_ASSIGNMENT_: Reprint the lines below as they are, minus the pictures.

_RAW DATA_:
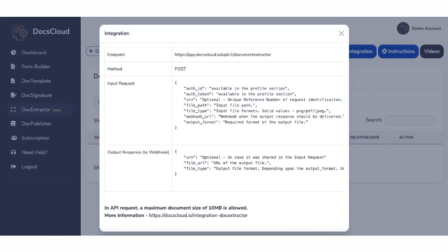We currently do not have a dedicated plugin for Doc Extract in these ecosystems. As the Doc Extractor module is a template-free intelligent data extraction, you do not need to define any template. On a fixed endpoint, you need to post the request with the following key value pairs.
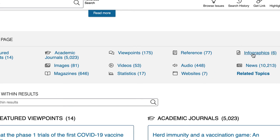Infographics are going to be kind of like your statistical information — it's going to be information about the topic conveyed through an image. And then news will be your newspaper articles. This is where you'll find your most current information.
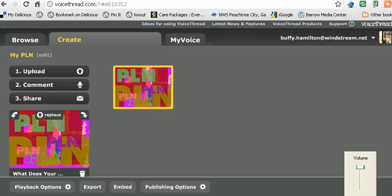Hi, this is Ms. Hamilton. Welcome to my video tutorial on how to make a VoiceThread public.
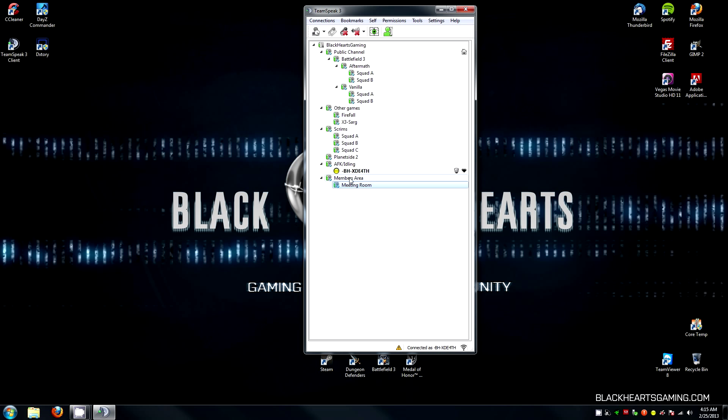All you have to do is press your whisper key, and your mic will change red, letting you know that you are whispering to somebody. As you can see, my mic has turned red, letting me know that I am now whispering to the other squad leaders in the different channels, and my members in my current channel will not hear what I say.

_RESPONSE TO THE EXERCISE_:
We currently do not have a dedicated plugin for Doc Extract in these ecosystems. As the Doc Extractor module is a template-free intelligent data extraction, you do not need to define any template. On a fixed endpoint, you need to post the request with the following key value pairs.
Infographics are going to be kind of like your statistical information — it's going to be information about the topic conveyed through an image. And then news will be your newspaper articles. This is where you'll find your most current information.
Hi, this is Ms. Hamilton. Welcome to my video tutorial on how to make a VoiceThread public.
All you have to do is press your whisper key, and your mic will change red, letting you know that you are whispering to somebody. As you can see, my mic has turned red, letting me know that I am now whispering to the other squad leaders in the different channels, and my members in my current channel will not hear what I say.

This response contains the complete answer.